PROBLEM DESCRIPTION
Transcribe the listing that follows in full, exactly, and drop its images.

PROVIDED ENTRIES

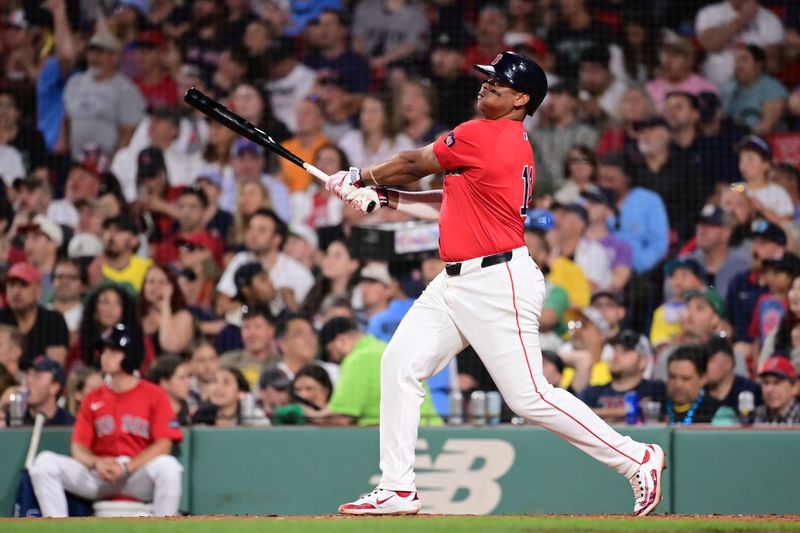 Jun 28, 2024; Boston, Massachusetts, USA; Boston Red Sox third baseman Rafael Devers (11) hits a home run against the San Diego Padres during the sixth inning at Fenway Park. Mandatory Credit: Eric Canha-USA TODAY Sports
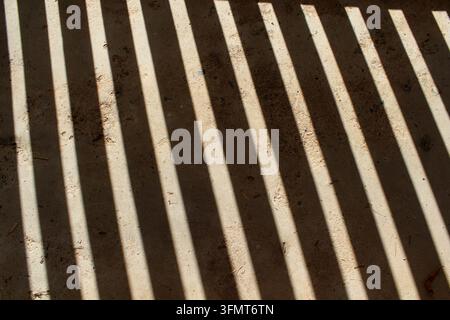 High-angle view of strong, parallel lines of light and shadow cast across a dark ground surface, creating an abstract geometric pattern Stock Photo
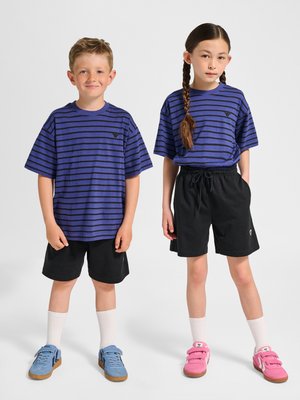 To børn står side om side iført blå og sortstribede skjorter, sorte shorts, hvide sokker og farverige sneakers.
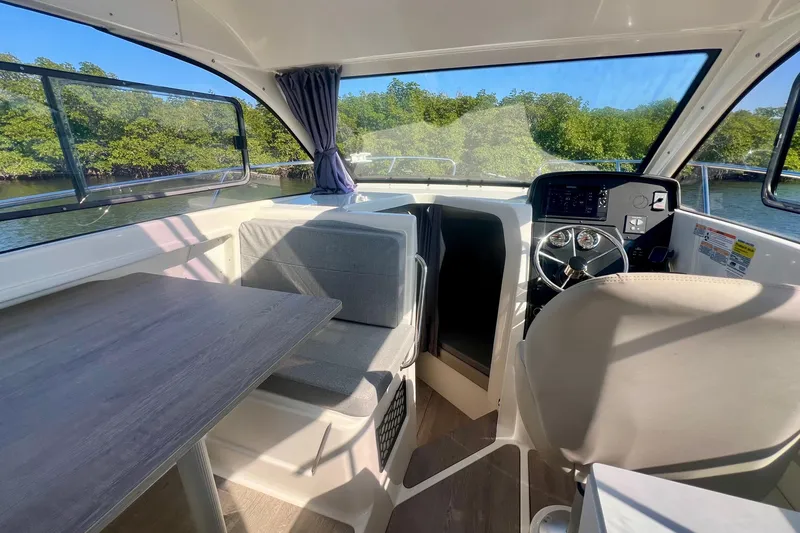 Slide: The Image of 2024 Bayliner Trophy T25 Explorer interior with helm, seating, and table, surrounded by water views. - 7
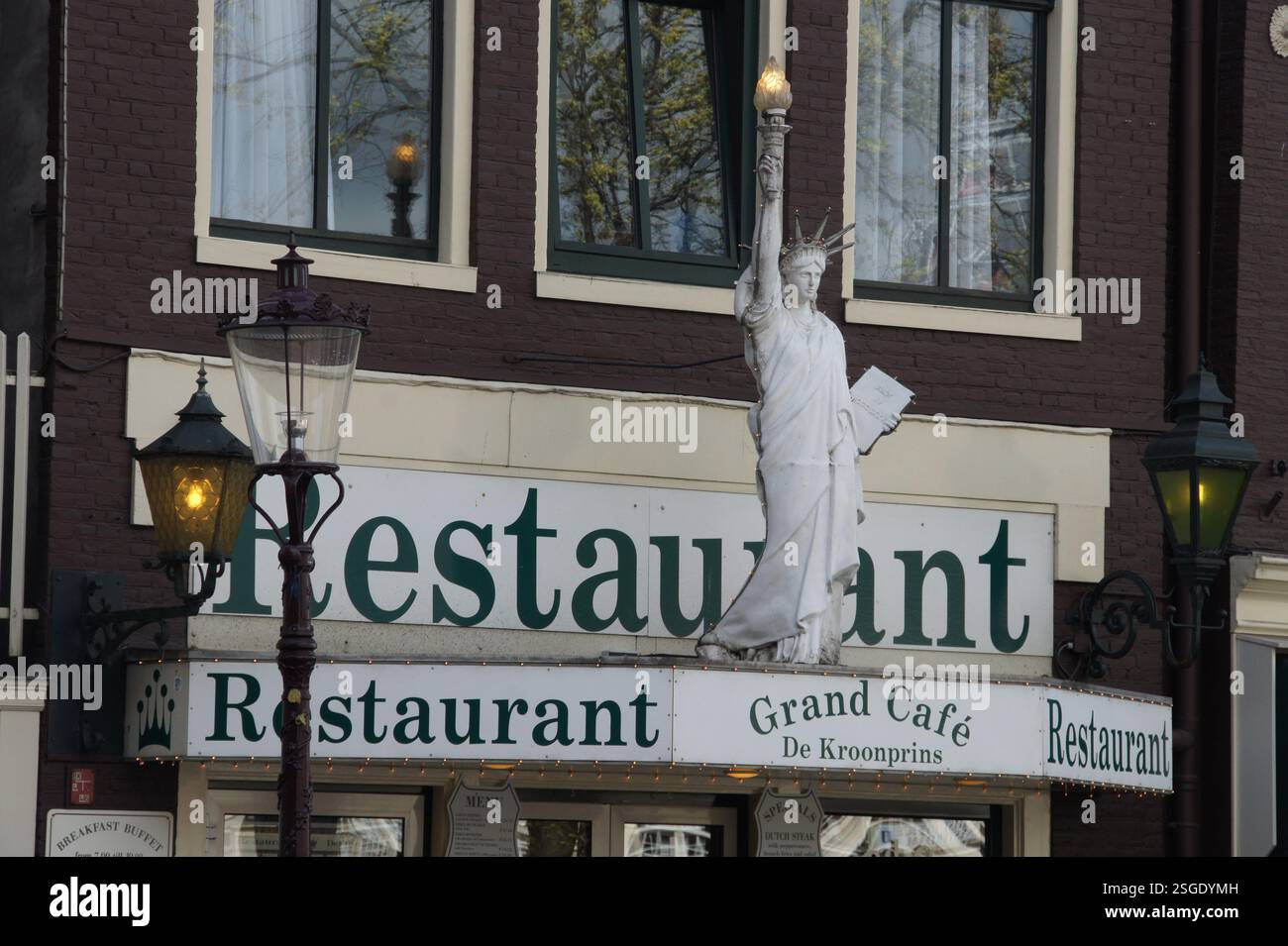 Ein Restaurant in Amsterdam mit einer überraschenden amerikanischen Note: Eine Nachbildung der Freiheitsstatue steht stolz darauf und wirbt für Frühstück. Könnte das sein Stockfoto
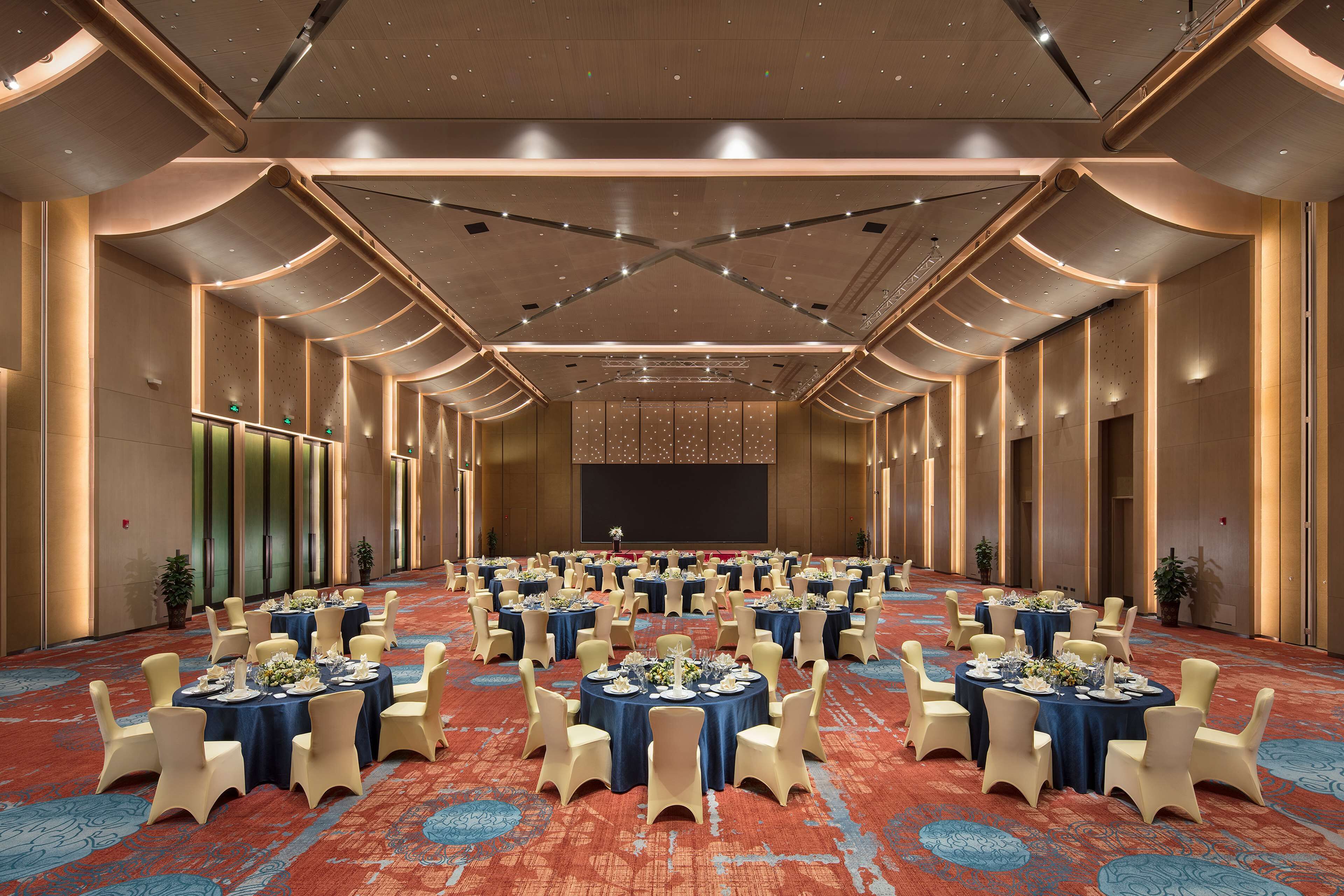 Une grande salle de banquet avec des tables rondes disposées en rangées, prêtes pour le repas.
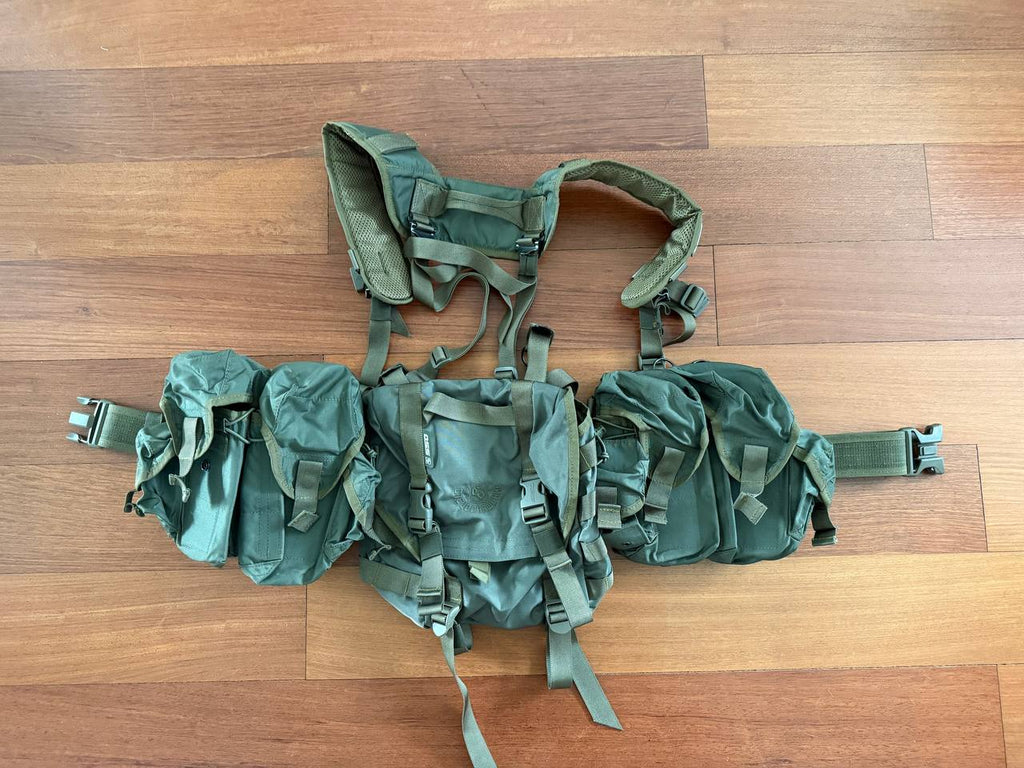Russian SSO (SPOSN) Smersh Load Bearing Rig - Olive Drab, a military-style load bearing vest with multiple pouches and adjustable straps designed for Russian surplus tactical use.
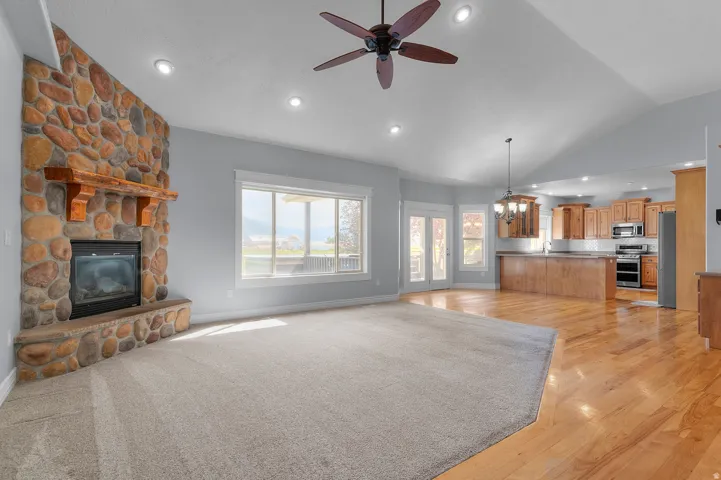 Great room with a stone-clad fireplace and wood mantle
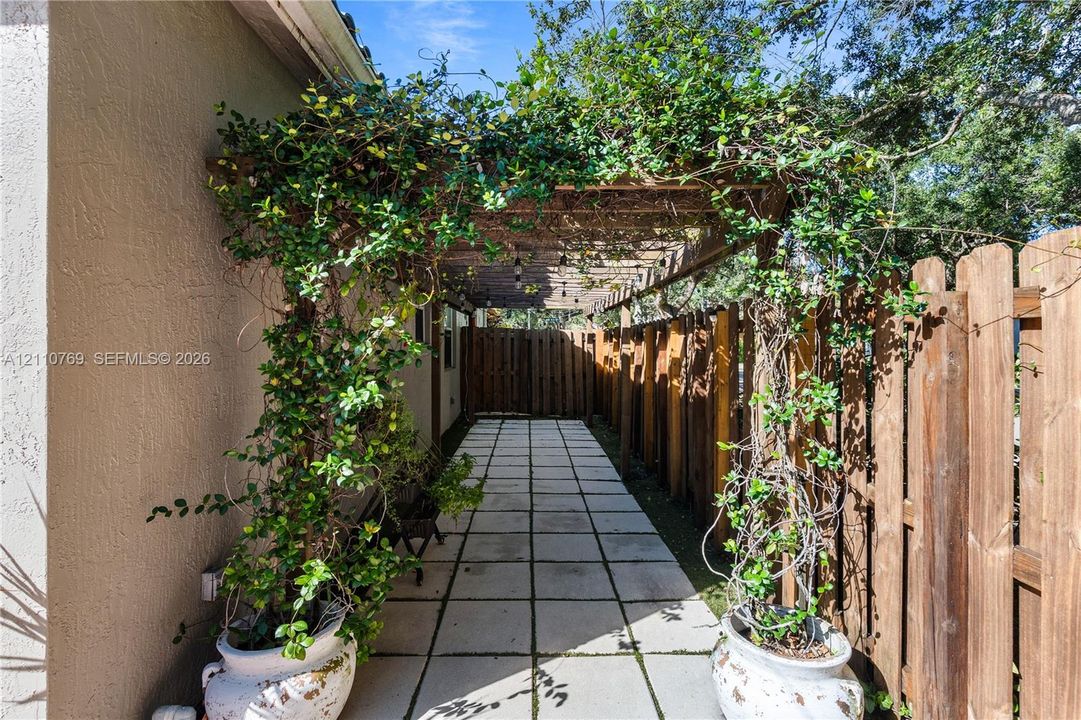 Side walkway featuring square concrete pavers, a wooden pergola, and a privacy fence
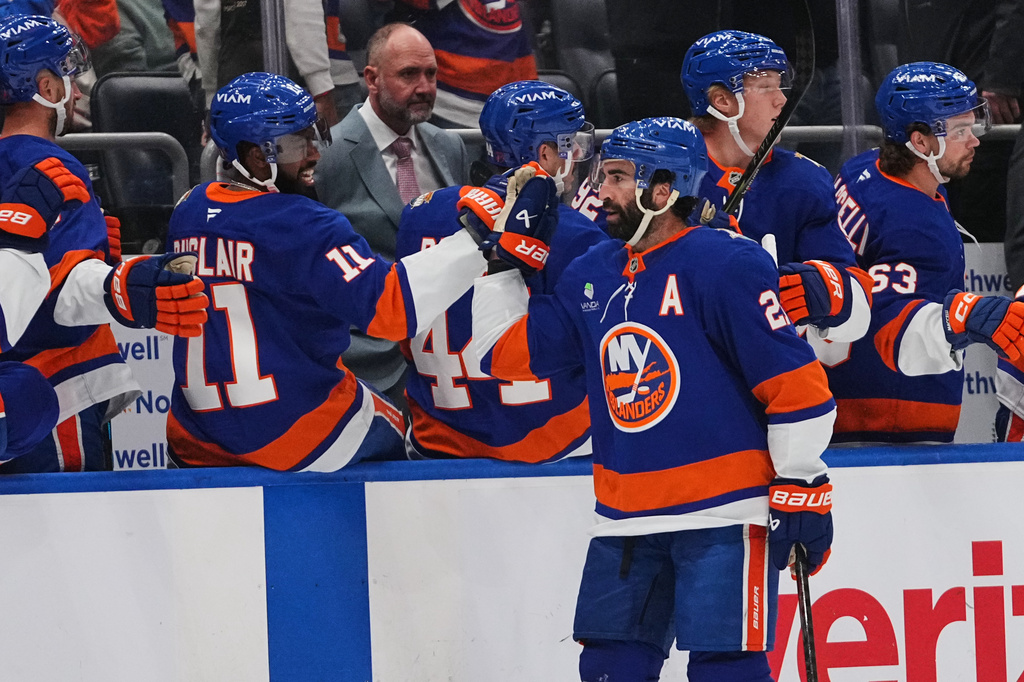 New York Islanders' Kyle Palmieri celebrates with teammates after scoring a goal during the first period of an NHL hockey game against the Vancouver Canucks Tuesday, Oct. 13, 2026, in Elmont, N.Y. (AP Photo/Frank Franklin II)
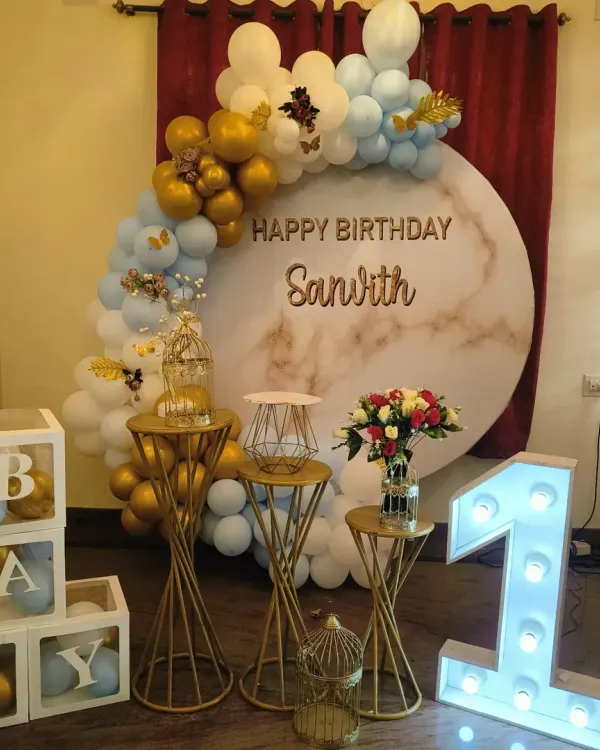 A chic first birthday setup with a blue, white, and gold balloon arch over a marble-print circular backdrop, perfect for a modern celebration.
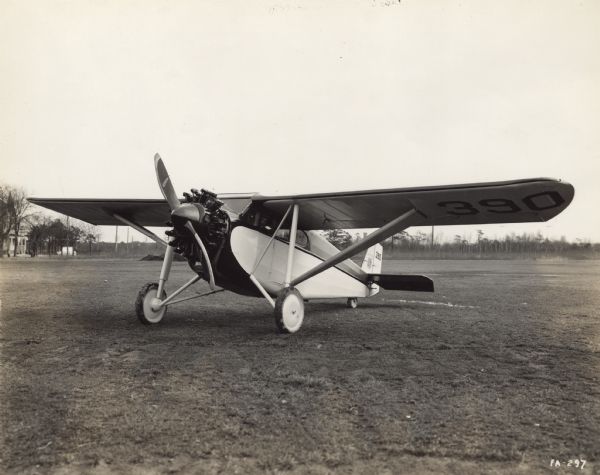 Three-quarter front view from left of a Fairchild Model 71 sitting on a runway. The tail identifier reads: "390." 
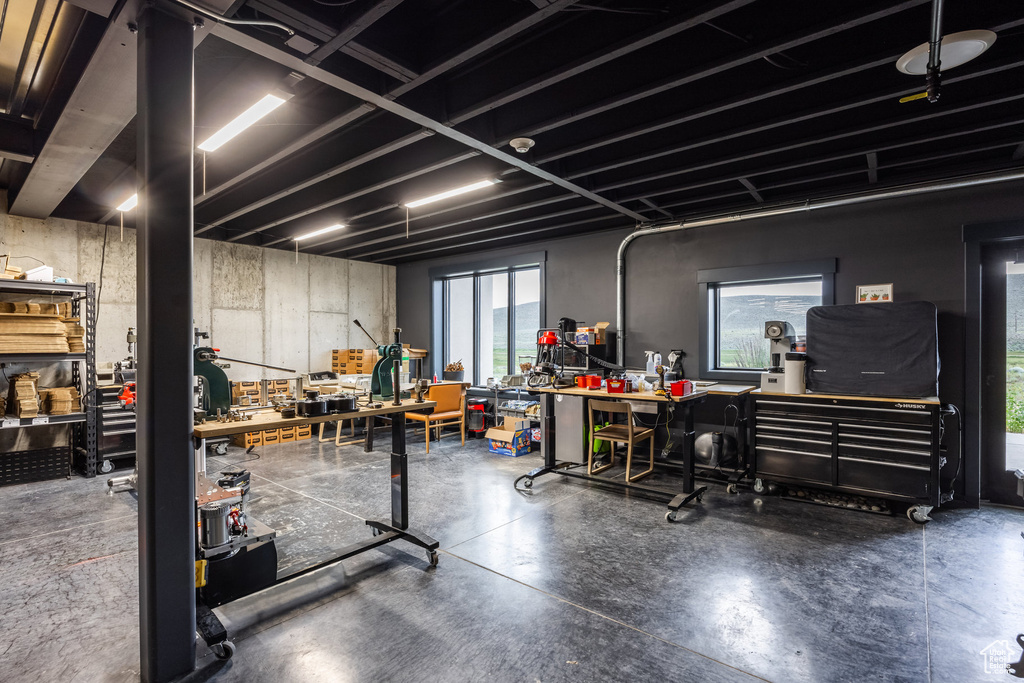 Basement featuring a workshop area and healthy amount of natural light
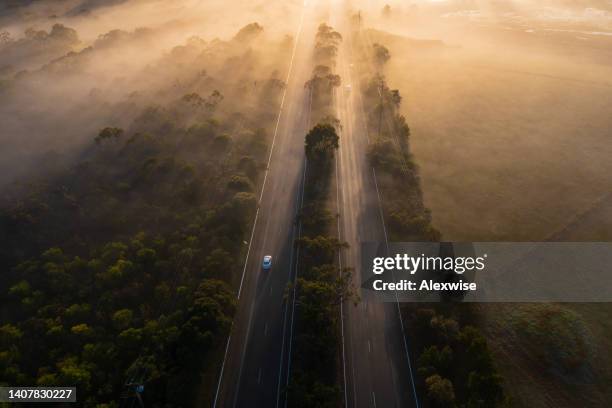 aerial fog highway at sunrise - sunrise dawn stock pictures, royalty-free photos & images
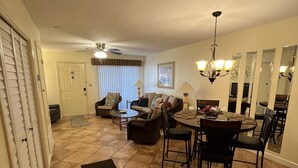 A spacious living room with a dining area, a large mirror, and a ceiling fan. - Portside townhouse with beach access and pools (Panama City Beach)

RESULT OF THE TASK
 Jun 28, 2024; Boston, Massachusetts, USA; Boston Red Sox third baseman Rafael Devers (11) hits a home run against the San Diego Padres during the sixth inning at Fenway Park. Mandatory Credit: Eric Canha-USA TODAY Sports
 High-angle view of strong, parallel lines of light and shadow cast across a dark ground surface, creating an abstract geometric pattern Stock Photo
 To børn står side om side iført blå og sortstribede skjorter, sorte shorts, hvide sokker og farverige sneakers.
 Slide: The Image of 2024 Bayliner Trophy T25 Explorer interior with helm, seating, and table, surrounded by water views. - 7
 Ein Restaurant in Amsterdam mit einer überraschenden amerikanischen Note: Eine Nachbildung der Freiheitsstatue steht stolz darauf und wirbt für Frühstück. Könnte das sein Stockfoto
 Une grande salle de banquet avec des tables rondes disposées en rangées, prêtes pour le repas.
Russian SSO (SPOSN) Smersh Load Bearing Rig - Olive Drab, a military-style load bearing vest with multiple pouches and adjustable straps designed for Russian surplus tactical use.
 Great room with a stone-clad fireplace and wood mantle
 Side walkway featuring square concrete pavers, a wooden pergola, and a privacy fence
 New York Islanders' Kyle Palmieri celebrates with teammates after scoring a goal during the first period of an NHL hockey game against the Vancouver Canucks Tuesday, Oct. 13, 2026, in Elmont, N.Y. (AP Photo/Frank Franklin II)
 A chic first birthday setup with a blue, white, and gold balloon arch over a marble-print circular backdrop, perfect for a modern celebration.
 Three-quarter front view from left of a Fairchild Model 71 sitting on a runway. The tail identifier reads: "390." 
 Basement featuring a workshop area and healthy amount of natural light
 aerial fog highway at sunrise - sunrise dawn stock pictures, royalty-free photos & images
 A spacious living room with a dining area, a large mirror, and a ceiling fan. - Portside townhouse with beach access and pools (Panama City Beach)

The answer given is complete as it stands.